## Segmenting and Clustering Neighborhoods in Toronto

### Part 1

Load required libraries for this task

In [1]:
from IPython.core.interactiveshell import InteractiveShell
InteractiveShell.ast_node_interactivity = "all"
import numpy as np
import pandas as pd
import requests

Use the Notebook to build the code to scrape the following Wikipedia page, https://en.wikipedia.org/wiki/List_of_postal_codes_of_Canada:_M, in order to obtain the data that is in the table of postal codes and to transform the data into a pandas dataframe like the one shown below:

In [2]:
page = requests.get("https://en.wikipedia.org/wiki/List_of_postal_codes_of_Canada:_M").text

Let's define now some helper functions to automatize the extract of html elements 

In [3]:
def find_all(text, sub):
    """ find all occurences of substring in larger string 
    and return their indices relative to the text string
    
    Key arguments
    -------------
    text:      text string
    sub:       substring to be found in text
    
    Return
    -------
    indices:   indices of the found occurences relative to text
    """
    occurencesIndex = []
    index = 0
    while index < len(text):
        index = text.find(sub, index)
        if index == -1:
            return occurencesIndex
        else:
            occurencesIndex.append(index)
            index += 1 
    return occurencesIndex

def getValue(text, b_element, e_element):
    """ get text snippet with given indices for beginning and ending
    Key arguments:
    -------------
    text:       text string
    b_element:  begin html element <element>
    e_element:  end html element </element>
    
    return:
    ------
    text snippet if element found in text, otherwise return original text
    """
    if text.find(b_element) != -1:
        return text[text.find(b_element) + len(b_element):text.find(e_element)]
    else:
        return text
    

The following function extracts the data from the table of the wikipedia homepage 

In [4]:
def getData(text):
    """ get Data from html code
    Key argument:
    ------------
    text:      text from which the data will be extracted (table text)
    
    return:
    -------
    pd.Dataframe 
    """
    rows = zip(find_all(text, "<tr>")[1:], find_all(text, "</tr>")[1:])
    data =  []
    for row_b, row_e in rows:
        row_data = text[row_b:row_e]
        sub_indices = zip(find_all(row_data, "<td>"), find_all(row_data, "</td>"))
        data.append([row_data[sub_b+4:sub_e] for sub_b, sub_e in sub_indices])
    return pd.DataFrame(data, columns = ['PostalCode' , 'Borough', 'Neighborhood'])

table html from the page

In [5]:
tabledata = page[page.find('<table class="wikitable sortable">') + len('<table class="wikitable sortable">'):page.find('<table class="multicol" role="presentation" style="border-collapse: collapse; padding: 0; border: 0; background:transparent; width:100%;">')]
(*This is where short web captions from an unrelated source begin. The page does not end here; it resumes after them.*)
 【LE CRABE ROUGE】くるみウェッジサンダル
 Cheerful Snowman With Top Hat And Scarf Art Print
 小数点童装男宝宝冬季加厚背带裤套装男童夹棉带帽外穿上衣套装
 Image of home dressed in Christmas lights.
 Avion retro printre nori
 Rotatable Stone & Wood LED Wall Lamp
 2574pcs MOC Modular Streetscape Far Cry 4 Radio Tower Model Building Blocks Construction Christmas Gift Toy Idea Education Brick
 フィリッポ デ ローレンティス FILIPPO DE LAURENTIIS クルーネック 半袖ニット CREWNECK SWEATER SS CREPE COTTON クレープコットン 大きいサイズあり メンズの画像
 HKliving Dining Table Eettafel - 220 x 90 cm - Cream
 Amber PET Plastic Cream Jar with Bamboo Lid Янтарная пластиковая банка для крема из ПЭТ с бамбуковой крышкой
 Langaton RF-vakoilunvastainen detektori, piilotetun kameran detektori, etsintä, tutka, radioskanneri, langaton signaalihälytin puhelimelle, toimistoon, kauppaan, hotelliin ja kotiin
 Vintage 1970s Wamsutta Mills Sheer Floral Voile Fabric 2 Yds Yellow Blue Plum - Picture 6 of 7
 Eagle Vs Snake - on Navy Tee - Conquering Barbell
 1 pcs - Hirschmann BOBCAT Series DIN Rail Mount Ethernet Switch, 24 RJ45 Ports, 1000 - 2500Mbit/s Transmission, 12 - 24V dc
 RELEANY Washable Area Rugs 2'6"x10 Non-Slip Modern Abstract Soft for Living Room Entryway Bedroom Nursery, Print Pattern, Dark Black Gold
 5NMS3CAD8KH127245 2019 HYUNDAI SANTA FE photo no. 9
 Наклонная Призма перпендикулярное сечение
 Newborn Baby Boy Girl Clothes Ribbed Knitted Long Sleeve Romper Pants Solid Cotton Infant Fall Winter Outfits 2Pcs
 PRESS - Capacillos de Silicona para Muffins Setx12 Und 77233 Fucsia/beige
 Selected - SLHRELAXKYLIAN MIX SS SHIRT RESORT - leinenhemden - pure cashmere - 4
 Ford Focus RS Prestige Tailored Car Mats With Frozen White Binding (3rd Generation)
get the data frame of the table html

In [6]:
postcode_can = getData(tabledata)

some decoration since Borough and Neighborhood have data elements of type hyperlink 

In [7]:
postcode_can["Borough"] = [getValue(iString, '">', "</a>") for iString in postcode_can["Borough"]]
postcode_can["Neighborhood"] = [getValue(iString, '">', "</a>").replace("\n", "") for iString in postcode_can["Neighborhood"]]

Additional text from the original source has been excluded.